BEGIN Data for this task
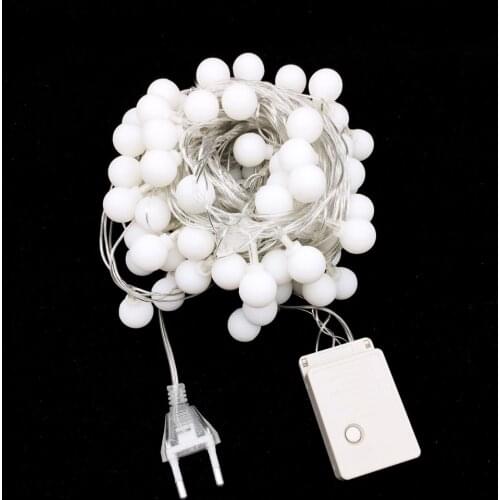20/50/100 Balls LED String Lights 5M/10M Outdoor Christmas Garland Light Fairy Holiday Wedding Party Decoration Lamp 110v 220v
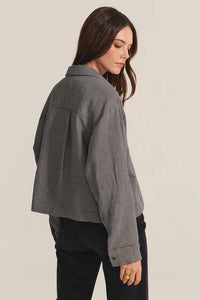 Velvet - Adeline -  Dual Button Up Gauze Top in Houndstooth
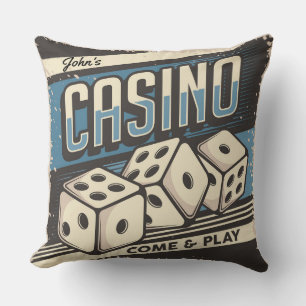 Coussin Dus Casino Personnalisé Anniversaire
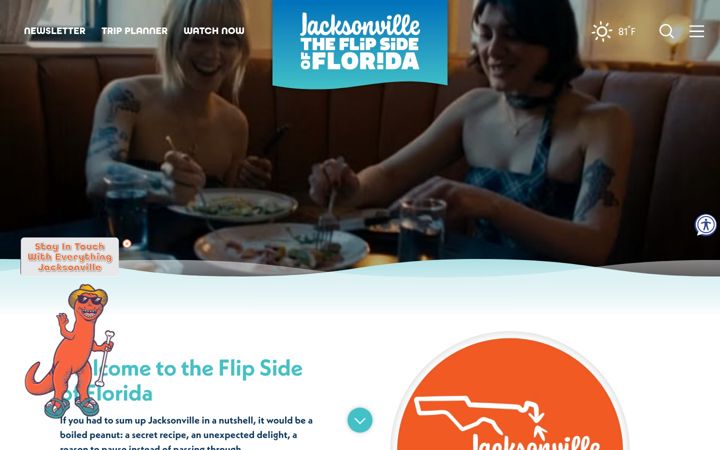 Screenshot of visitjacksonville.com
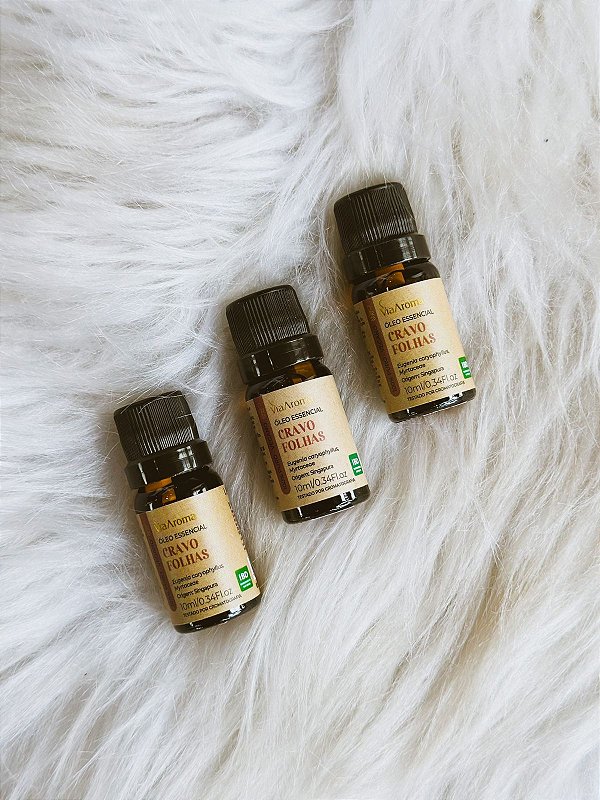 Óleo Essencial de Cravo folhas - 10ml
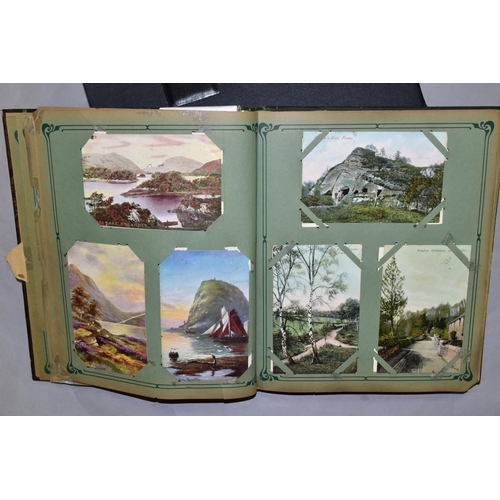 438 - ONE ALBUM CONTAINING 192 POSTCARDS and photographic cards dating from the early 20th century, subjec... 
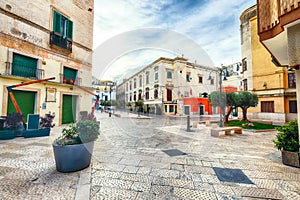 The historic center of a Gravina in Puglia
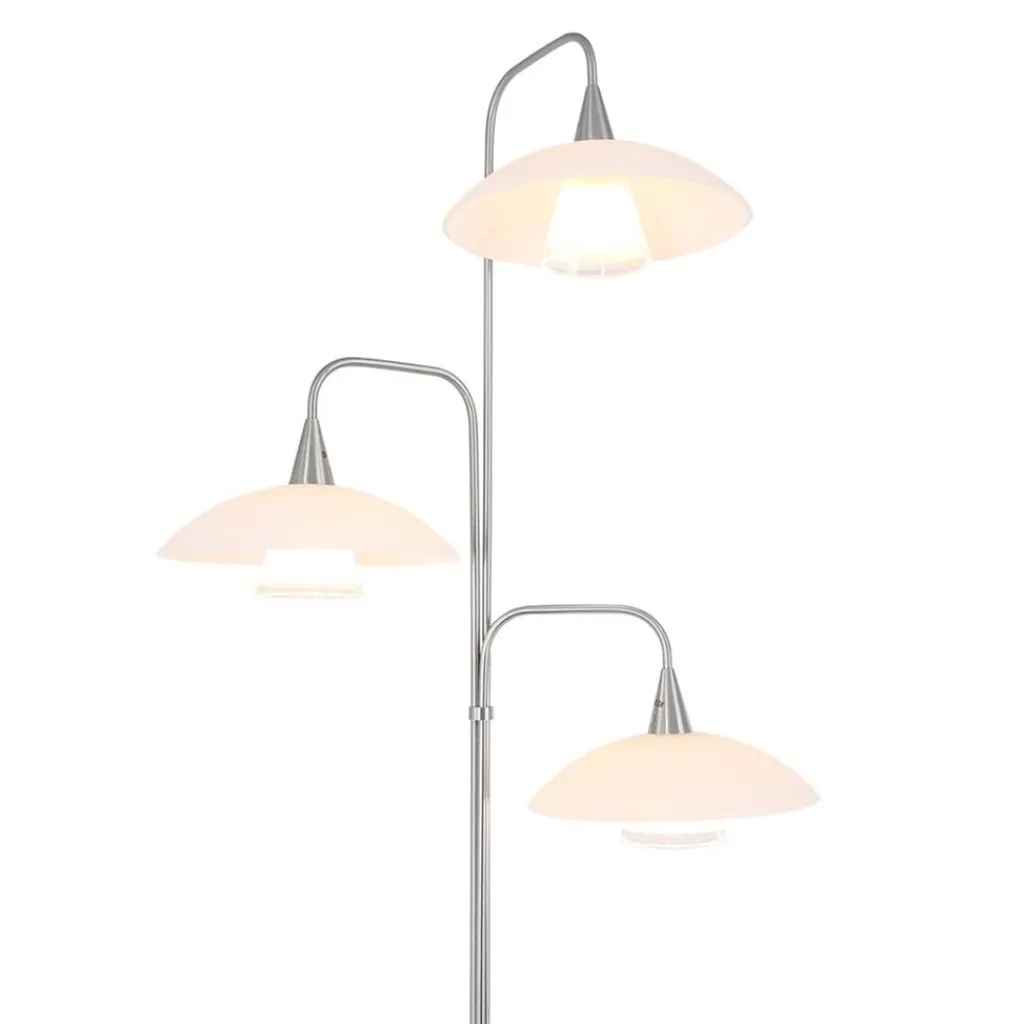 Straluma Moderne 3-lichts LED vloerlamp geborsteld staal> Vloerlampen|LED Vloerlampen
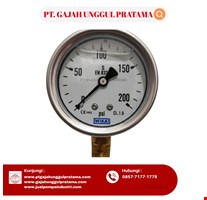 Pressure Gauge WIKA Model 213.53.063 0-200 psi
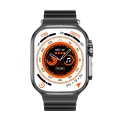 WS-E9 Ultra 2.2 inch IP67 Waterproof Metal Buckle Ocean Silicone Band Smart Watch, Support Heart Rat
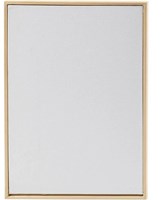 Creativ Company panneau toile à peindre A4 avec cadre 280 g blanc
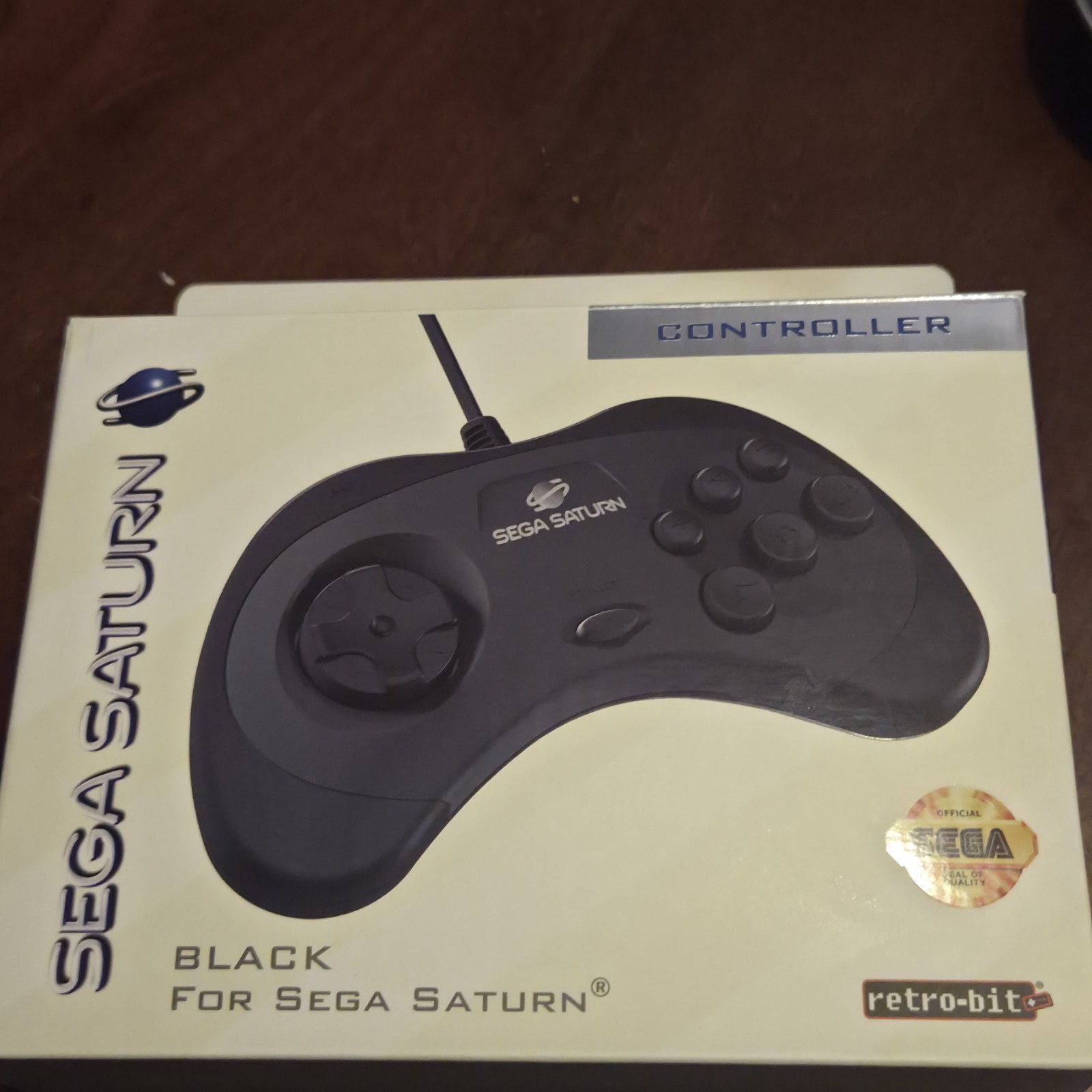 Sega Saturn MK-80000A Black Working With Tomb Raider CIB & Retro Bit Controller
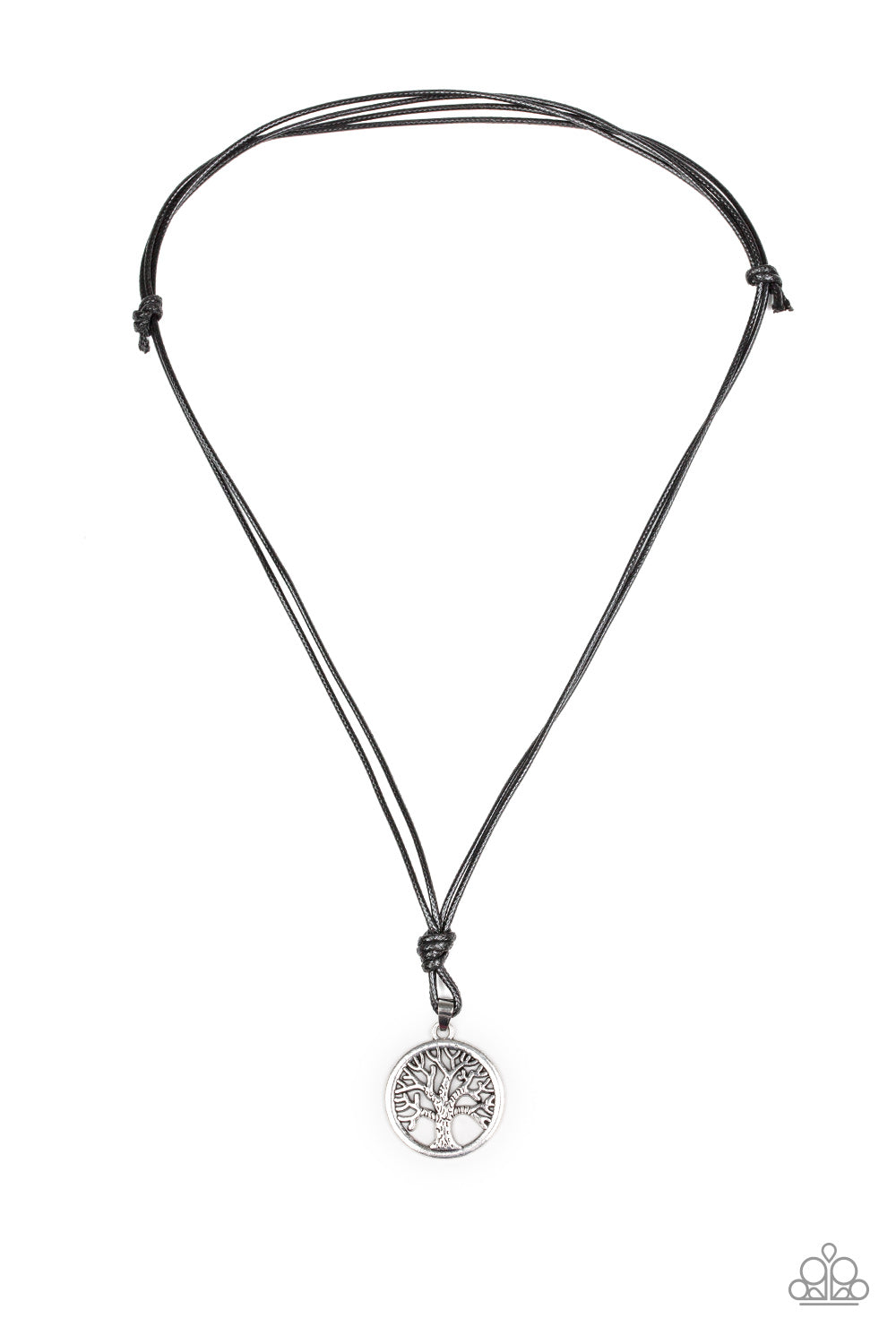 Rural Roots - silver - Paparazzi mens necklace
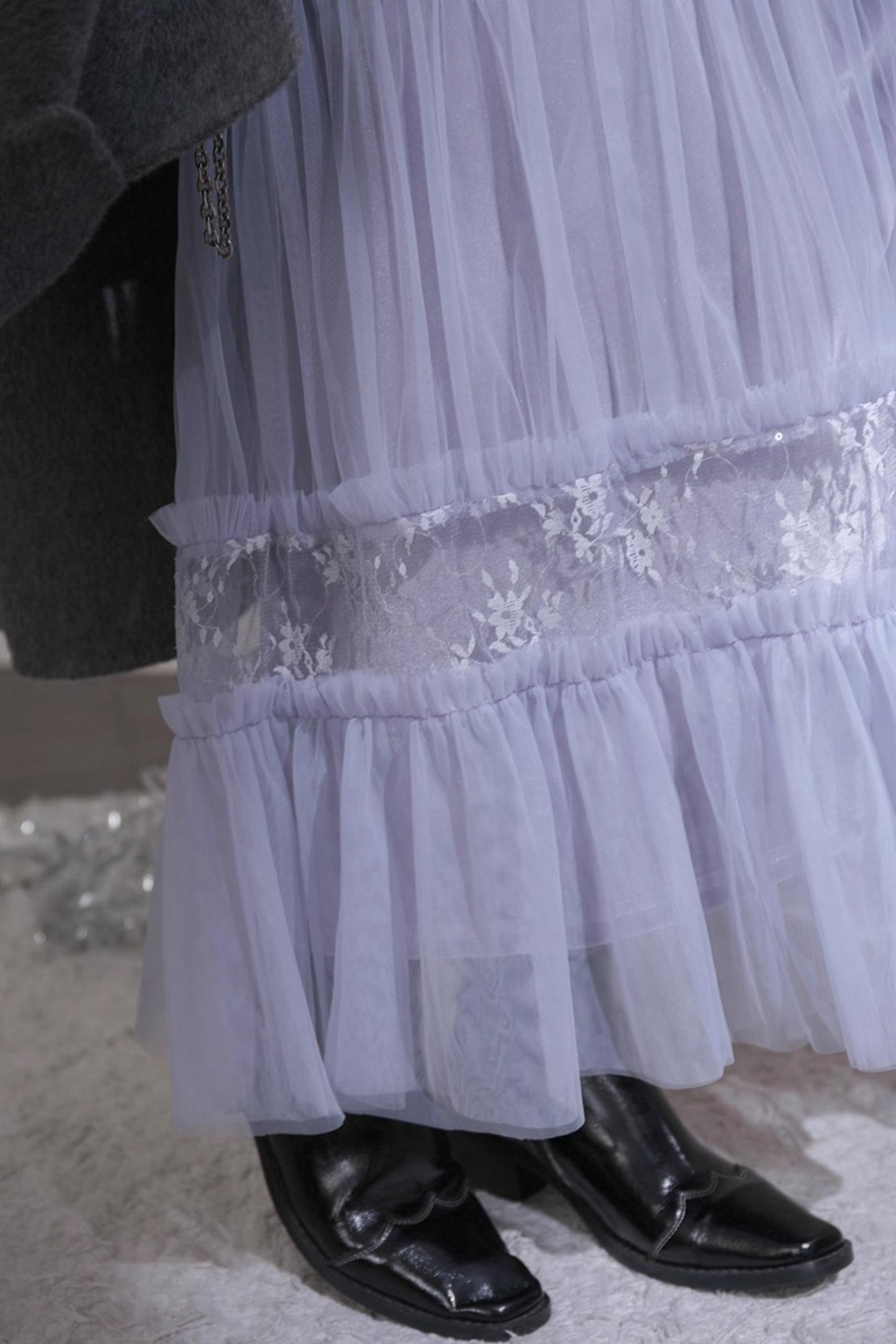 Layered Dreamy Velvet Skirt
END Data for this task
In the answer, the entries should be restated verbatim, with all pictures omitted.

Worked solution:
20/50/100 Balls LED String Lights 5M/10M Outdoor Christmas Garland Light Fairy Holiday Wedding Party Decoration Lamp 110v 220v
 Velvet - Adeline -  Dual Button Up Gauze Top in Houndstooth
 Coussin Dus Casino Personnalisé Anniversaire
 Screenshot of visitjacksonville.com
 Óleo Essencial de Cravo folhas - 10ml
 438 - ONE ALBUM CONTAINING 192 POSTCARDS and photographic cards dating from the early 20th century, subjec... 
 The historic center of a Gravina in Puglia
 Straluma Moderne 3-lichts LED vloerlamp geborsteld staal> Vloerlampen|LED Vloerlampen
 Pressure Gauge WIKA Model 213.53.063 0-200 psi
 WS-E9 Ultra 2.2 inch IP67 Waterproof Metal Buckle Ocean Silicone Band Smart Watch, Support Heart Rat
 Creativ Company panneau toile à peindre A4 avec cadre 280 g blanc
 Sega Saturn MK-80000A Black Working With Tomb Raider CIB & Retro Bit Controller
 Rural Roots - silver - Paparazzi mens necklace
 Layered Dreamy Velvet Skirt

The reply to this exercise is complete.